The local pub needed no sign. The front door was propped open with a rock in a futile effort to let the prior night’s stale odors escape. Upon entering, one had to navigate the well-traveled, ever-treacherous, mud-filled uneven floors before reaching the scarred tables, caked with ale spills, and the surrounding rickety chairs, symbolic of the men who stumbled out after a night of revelry.
Women were not allowed. Also excluded as a form of reverse snobbery were the not of my class
Protestant landlords. Once inside, Dan quickly ushered the boys to the least conspicuous back table telling them to keep their mouths shut except when munching on the stale sandwiches washed down by glasses of milk, never anything stronger.
MF was interested in learning what sorts of people were sitting at the tables. Closest to the bar were the heavy drinkers.
They were easy to spot — weary faces and eyes dead, windows to a life that left their spirits broken due to decreasingly bearable versions of their pasts and futures. Despite their slurred utterances, one could still glean, as MF did, that there was a position common to them all: they took no personal responsibility for life’s defeats. They believed they were the defenseless prey of British landlords, the victorious hunters. There was no mud fresh on their boots; they had given up, no longer able to decant their setbacks. Heaven on earth was liquid oblivion and the hope that after drinking you could forget that the day made you sorry to be alive. Cruelly, even the magic of drink had weakened for them, no longer anesthetizing their pain.

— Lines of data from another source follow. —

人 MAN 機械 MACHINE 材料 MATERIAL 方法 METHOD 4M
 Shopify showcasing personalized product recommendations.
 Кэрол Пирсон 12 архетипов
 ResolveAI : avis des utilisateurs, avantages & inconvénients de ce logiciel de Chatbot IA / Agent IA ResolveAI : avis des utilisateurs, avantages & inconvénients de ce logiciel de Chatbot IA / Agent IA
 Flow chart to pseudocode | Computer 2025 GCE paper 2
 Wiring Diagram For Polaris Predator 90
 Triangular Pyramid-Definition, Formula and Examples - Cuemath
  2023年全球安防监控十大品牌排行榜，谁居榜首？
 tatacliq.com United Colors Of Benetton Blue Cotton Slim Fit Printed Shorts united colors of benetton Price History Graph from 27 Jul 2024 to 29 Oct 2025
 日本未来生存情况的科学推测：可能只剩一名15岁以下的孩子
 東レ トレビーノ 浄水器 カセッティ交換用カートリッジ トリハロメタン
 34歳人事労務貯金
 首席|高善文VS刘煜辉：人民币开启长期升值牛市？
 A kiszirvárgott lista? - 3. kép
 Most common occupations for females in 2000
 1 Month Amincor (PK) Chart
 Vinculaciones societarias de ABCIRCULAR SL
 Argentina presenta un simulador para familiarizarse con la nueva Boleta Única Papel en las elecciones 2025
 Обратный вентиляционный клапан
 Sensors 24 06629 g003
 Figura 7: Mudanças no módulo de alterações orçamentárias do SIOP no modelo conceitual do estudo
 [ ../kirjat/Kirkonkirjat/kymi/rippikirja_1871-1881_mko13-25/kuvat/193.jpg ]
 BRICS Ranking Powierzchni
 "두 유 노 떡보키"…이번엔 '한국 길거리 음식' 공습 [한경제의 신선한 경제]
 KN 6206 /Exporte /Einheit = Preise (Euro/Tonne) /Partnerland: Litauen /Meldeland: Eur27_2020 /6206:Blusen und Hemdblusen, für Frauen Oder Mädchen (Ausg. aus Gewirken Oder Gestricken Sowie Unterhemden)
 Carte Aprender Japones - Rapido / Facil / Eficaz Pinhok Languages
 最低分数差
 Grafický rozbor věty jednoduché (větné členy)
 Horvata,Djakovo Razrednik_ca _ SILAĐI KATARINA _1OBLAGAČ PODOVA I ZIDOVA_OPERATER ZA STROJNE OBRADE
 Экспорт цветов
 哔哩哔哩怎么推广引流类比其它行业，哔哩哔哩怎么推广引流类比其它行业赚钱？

The next group, the yammerers
took center stage in the middle of the pub. They specialized in talking the most, saying the least, and at times not talking to anyone, just talking out loud, as MF recalled. Descendants of the leprechaun school of folklore, this group blathered away without any sense of the silliness of their inane notions. Conversations with them were often futile, often monologues, seldom dialogues. Their stories always ended with, It was the truth so help me God.
They talked indefatigably without pausing for consideration by and for others. To them all the Irish wrongs would be righted with a sprinkling of fairy dust. MF, reticent by nature, would later state his dislike for their flighty conversations and insincerity, a feeling that stuck with him throughout his life.
The angries
(sometimes called Caisearghan—Gaelic for dandelion) referred to sour persons who dwelt on the existing unfair systems of governance in Ireland. Clan ties were the only inheritance they honored. They couldn’t forget the Penal Laws of the century before that barred Irish Catholics from owning property, attending schools, and voting. Emboldened by their ales, full of a false bravado reflecting a deficient confidence, these well-fortified cynics would trumpet their heroic ability to single-handedly outfight any ten Brits. They held that a good fight would somehow burnish relations with their long dead compatriots, and paraded their atavistic anger as if it would kill their enemies.
The remaining patrons, Dan’s set of friends, for whom the pub was a place where the jibing and joshing never ended, was the most welcoming group. For them, the pub was a place to get together, not to get even. Laughter enabled them to preserve the comical aspects of life. The Foley boys were the only ones who left without drinks on the breath. These early rising
boys left before the late night
men who, with thickened voices would often utter, Oh God make me good. But not just yet.
The ructions, as the Irish called them, the uproar, the insults, the disturbances were over until another night.
On the way home, MF, troubled by the drinkers’ hopelessness and the angries’ resentments, summoned up courage to ask his Dad, Why were some of the people so mad at their Protestant neighbors; was it because they were not Catholic?
Dan, ever the mentor, would only reply, No, it is deeper than that.
Upon reaching home, Dan had one final reminder, We never bring tales from the pub home,
a rule that stayed with MF his entire life. He was a tightlipped man.
Later Dan listened to MF’s take on that evening: Plenty of laughter, but foul language and signs of despair such as I have never seen in the Foley home.